Die Partei Allianz Deutscher Demokraten solidarisiert sich öffentlich mit Christian Wulff und verurteilt die haltlosen Angriffe von Politik und Medien aufs schärfste als Doppelmoral und Opportunismus.

Zuvor war bekannt geworden, dass der ehemalige Bundespräsident Wulff als Unterschriftenberechtigter einer Modefirma registriert ist. Medien interpretierten das als Teilhaberschaft um, einige Politiker sprangen auf den Zug auf und empörten sich in bester Manier über die vermeintlichen Nebenverdienste.

Die inszenierte Hetzjagd erinnert stark an die durch die Medien geführte Diffamierungskampagne, mit der Wulff 2012 zum Rücktritt gezwungen wurde. Für seine Worte, dass der Islam zu Deutschland gehöre bekam er damals von den Migranten in Deutschland sehr viel Lob. Nach jahrzehntelanger Diskriminierung von Minderheiten in Deutschland, schätzten viele seine Worte als Anerkennung der gesellschaftlichen Realität und als Chance für einen Neubeginn der Integrationspolitik.
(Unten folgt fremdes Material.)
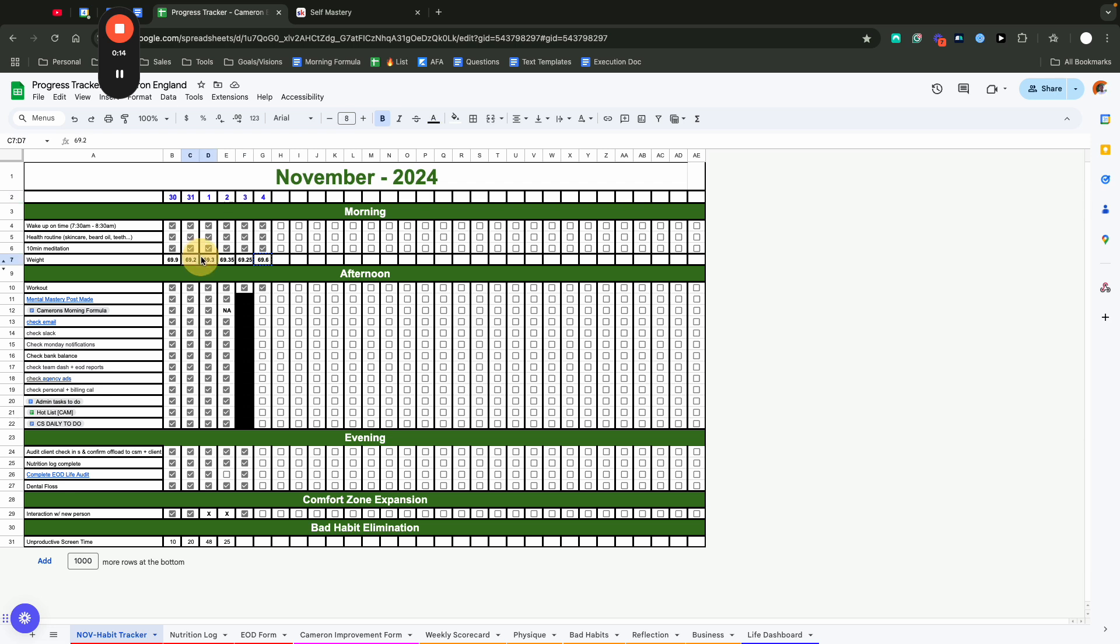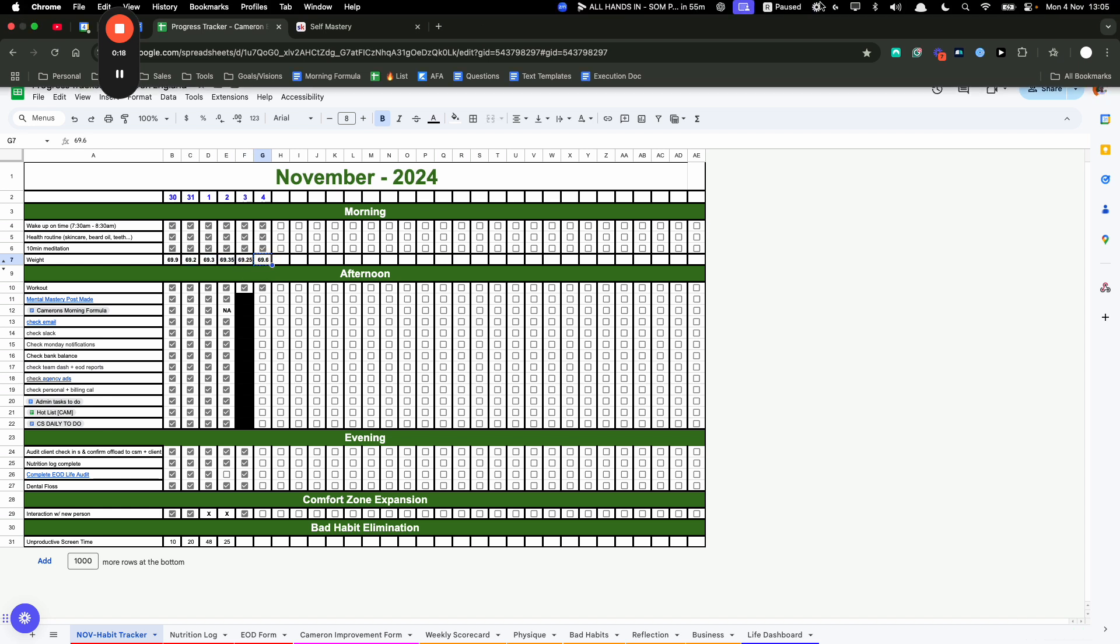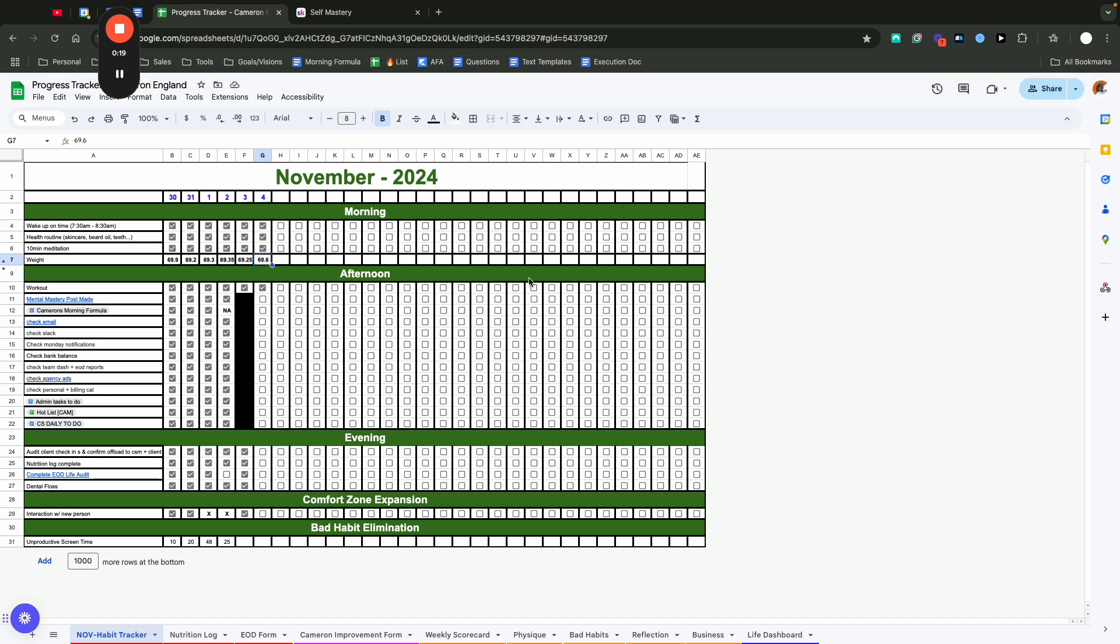Sitting at an average of around 69.3 to 69.2. I think the reason I weighed a little bit more this morning, because I went for dinner last night. Not that I ate loads more calories, but it was just a meal that I typically wouldn't eat that late, that big.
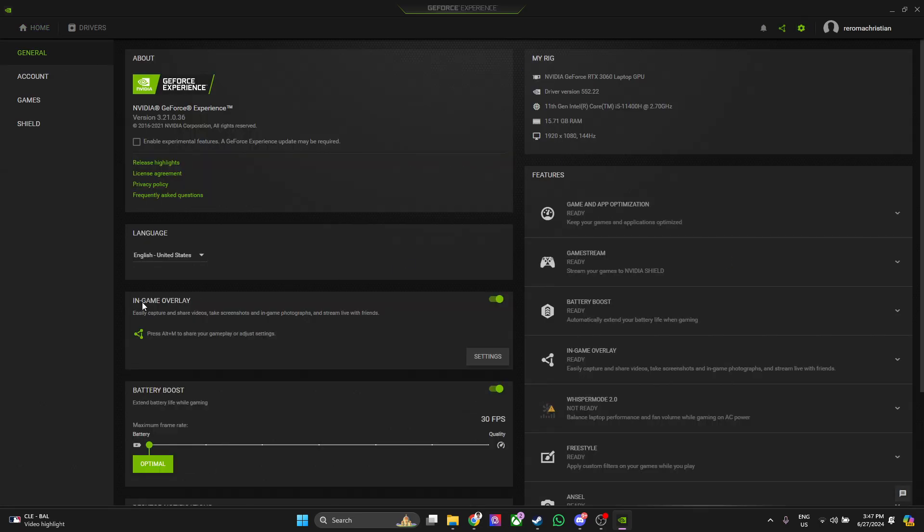Now you will see an option here that's called In-Game Overlay. This is the overlay feature of NVIDIA GeForce Experience. There are cases when you're playing a game and you have a hotkey on Alt plus R and the overlay shows up, disrupting your gameplay.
Damit schien Wulff aber auch die Wut der Eliten auf sich gezogen zu haben.

Dass es sich beim aktuellen Thema gerade um eine türkische Firma handelt, scheinen Medien und Politiker als Opportunismus nun erneut ausnutzen zu wollen, um von der Anti-Türkei Stimmung Profit zu schlagen. Dabei sollten gerade die besonders vorlauten Abgeordneten im Bundestag, sich den Spiegel zunächst selbst vorhalten und nicht mit Geschichten künstlich echauffieren.

Das Portal Abgeordnetenwatch.de dokumentiert und kritisiert nämlich schon länger die Nebeneinkünfte deutscher Abgeordneter; dabei liegen die Einkünfte der Abgeordneten [1], der am lautesten nach Konsequenzen rufenden Parteien, in der aktuellen Wahlperiode bei den Linken bei mind. 482.000 EUR, SPD mind. 3.745.000 Euro, CDU mind. 13.066.500 Euro und die CSU bei mind. 9.018.000 Euro. Hierbei sind sogar die Einkünfte aus unternehmerischer Tätigkeit bei Konzernen nicht berücksichtigt – über alle Fraktionen hinweg verdienten sich einzelne Abgeordnete bisher zusätzlich mindestens über 4 Mio. Euro zu ihren großzügigen Parlamentariergehältern von je 111.924 Euro im Jahr. Nach den offensichtlichen Verstrickungen zwischen Autoindustrie und Politik, die bisher zehntausende vorzeitige Tote gefordert hat, ist das mehr als nur eine unmoralische Lappalie.

Die Hetzjagd gegen Wulff zeigt also erneut die tief verankerte Doppelmoral deutscher Abgeordneter und opportunistische Grundhaltung von Politik und Medien. Es öffnet den Spalt zwischen Politik und Gesellschaft noch weiter und offenbart den Bedarf für einen Wandel in der Politik der nur durch eine Stärkung basisdemokratischer Prinzipien bewerkstelligt werden kann.

 

Der Vorstand der Partei Allianz Deutscher Demokraten.